Si ce portrait justifie, dans l’ensemble, l’idée selon laquelle le Canada est un pays divisé, il faut garder à l’esprit que cette dernière fait partie d’un discours consubstantiel au récit national canadien. Si on le suit, les contradictions inhérentes à la genèse de l’État canadien seraient dépassées par le recours au multiculturalisme, inscrit dans le droit fédéral au milieu des années 1980. Tout propos revenant à l’envi sur les divisions internes au Canada aurait ainsi sa part de performativité, comme l’ont fait remarquer certains observateurs québécois proches du Parti libéral.

De communautés imaginées en fractures imaginées?

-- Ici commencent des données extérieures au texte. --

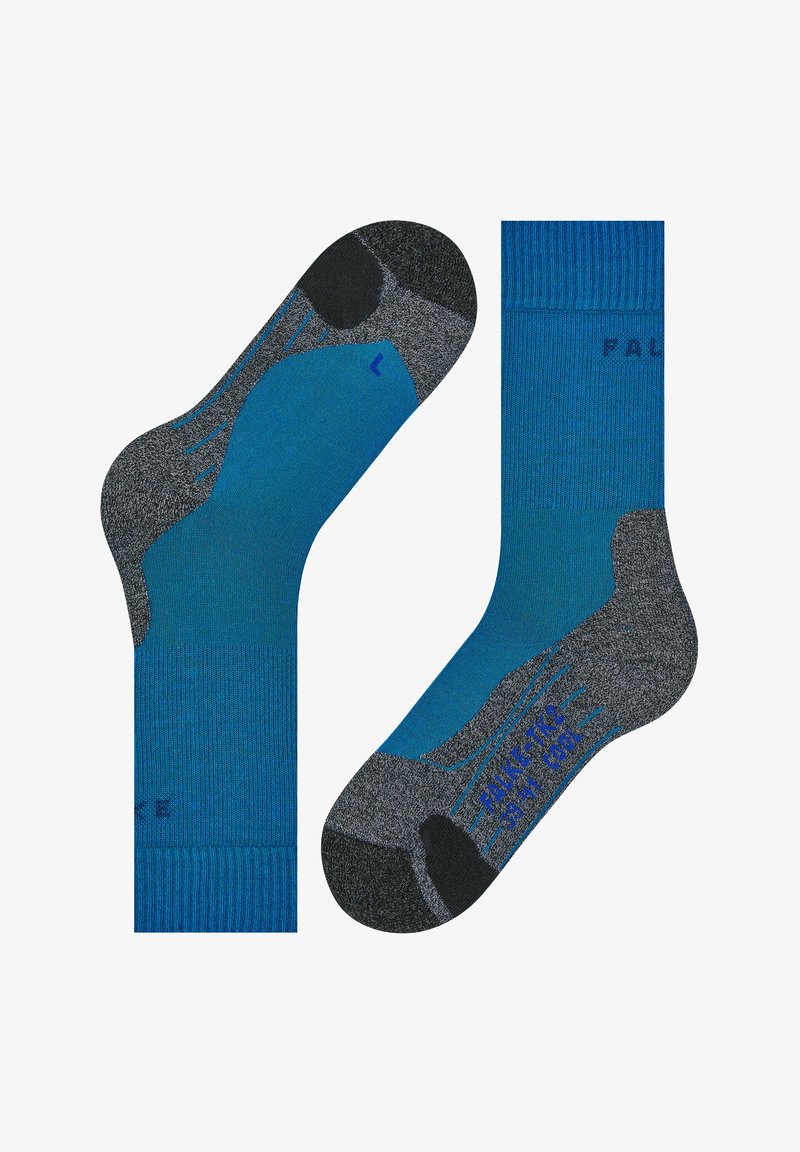 FALKE TK2 COOL - Chaussettes de sport - galaxy blue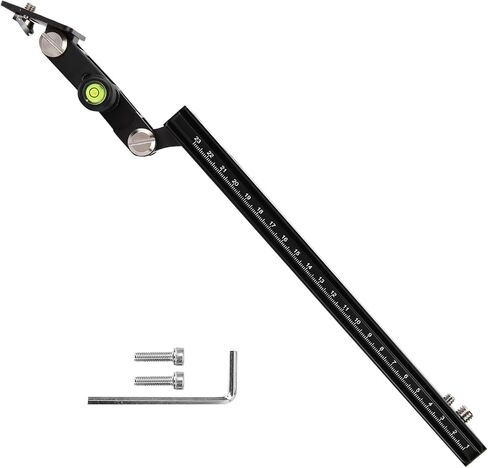 Telephoto Lens Support Bracket,Telephoto Zoom Lens Bracket Set Long Focus Camera Support Quick Release Plate Bird Watching(F250-38) in Kuwait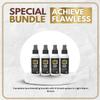 EBIN NEW YORK Lace Melting Spray  4x Wonder Bond Tinted Lace Melt Spray 100ml - Light Warm Brown Bundle  Buildable Tint and Seamless Blend for Natural Wig Application  Gift Set (4 Items) view 2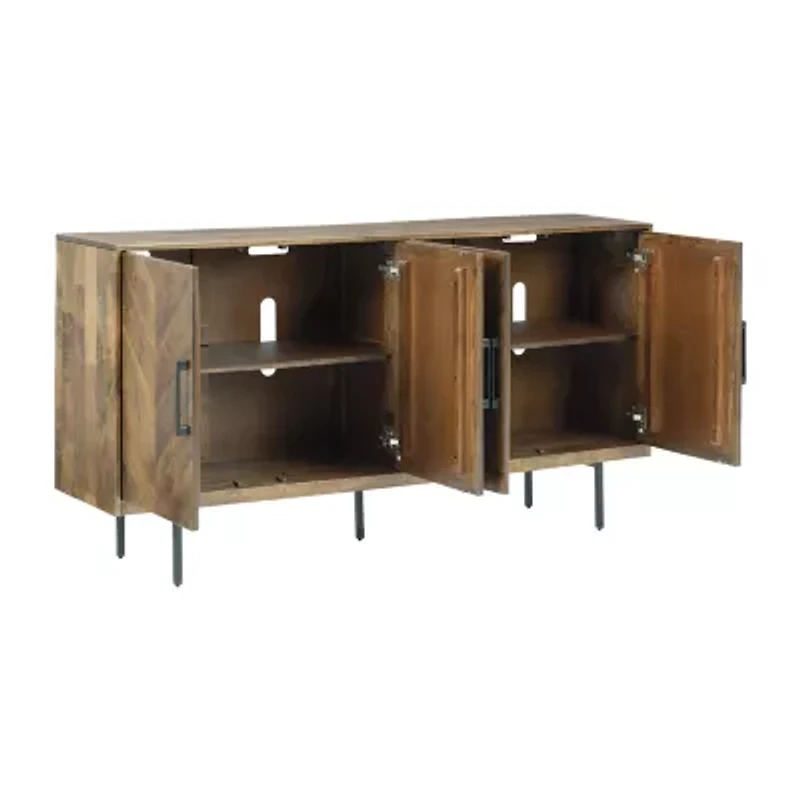 Signature Design by Ashley® Prattville Accent Cabinet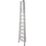 Werner Aluminium 2.53m 12 Step Swingback A Frame Step Ladder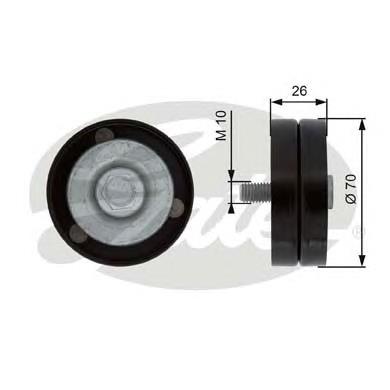 Rolo de reguladora de tensão da correia de transmissão Chrysler 5066938AA preço, a partir de 14,81 USD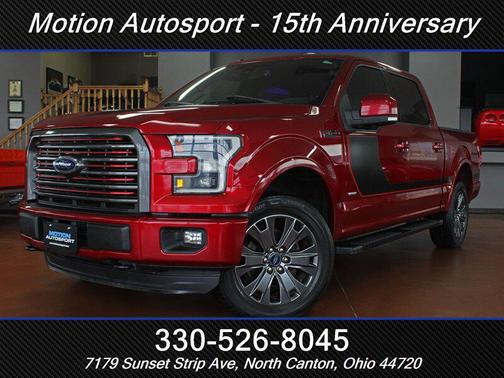 2016 Ford F-150 Lariat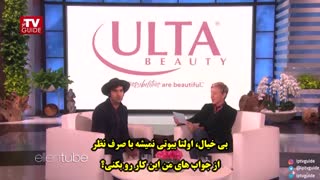 گفتگوی جذاب الن دیجنرس با کونال نایار به بهانه پخش فصل آخر سریال بیگ بنگ تئوری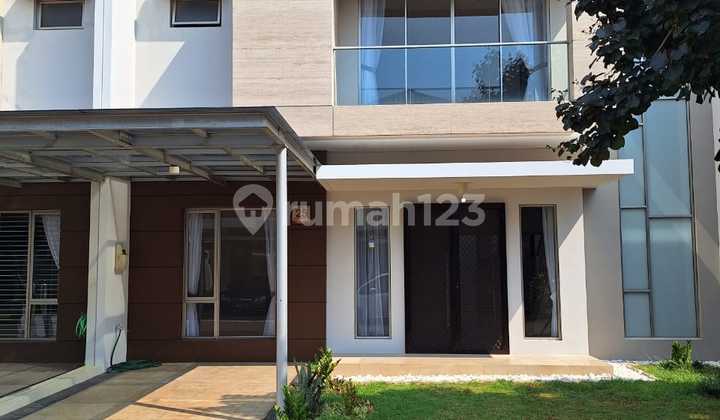 Sewa Rumah Golf Island Pik 10x15 Semi Furnish Ac + Kitchen Set 1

Alors que Benedict Anderson a montré qu’aucune communauté, en particulier nationale, ne se construit sans imaginaire, on peut se demander s’il n’en va pas de même des divisions du corps social canadien telles que décrites avec emphase à l’issue du scrutin d’octobre 2019.

Les cartes électorales comparables à celle reproduite ci-dessus ont introduit un biais majeur dans la présentation des résultats électoraux. En effet, les superficies colorées n’y sont absolument pas proportionnelles au nombre de députés envoyés à Ottawa par les régions concernées : le Nunavut n’y est représenté que par un seul député et un seul sénateur, alors qu’il couvre environ 20 % du territoire national. L’essentiel du Canada peuplé voit donc toujours sa vie politique structurée selon un principe bipartisan, à l’exception notable du Québec – dont la place particulière au sein de la Confédération n’a rien d’inédit.

En matière de suffrage, diversité électorale n’est d’ailleurs pas automatiquement synonyme de division. En effet, elle est la preuve d’une réelle vitalité de la démocratie canadienne ; et ce d’autant plus que la participation s’établit aux deux-tiers des votants potentiels. En cela, l’implication générale des électeurs dans la vie institutionnelle canadienne reste encourageante, en dépit de la difficulté à attirer jusqu’aux urnes les citoyens et citoyennes issus de minorités visibles.

Ainsi, comme l’écrit le Journal de Québec le 26 octobre 2019, « le Canada n’est pas divisé – du moins, pas plus qu’avant ». Le scrutin fédéral de 2019, et surtout la manière dont il a été médiatiquement traité, montre ainsi que le Canada a su se construire une identité multiculturelle, mais peine à mesurer les implications électorales du multiculturalisme institutionnalisé. Il ne faut pas tant voir dans ce Canada multicolore un émiettement du corps civique canadien que le reflet d’une diversité érigée en principe national – principe auquel les Canadiens adhèrent en général, et de plus en plus.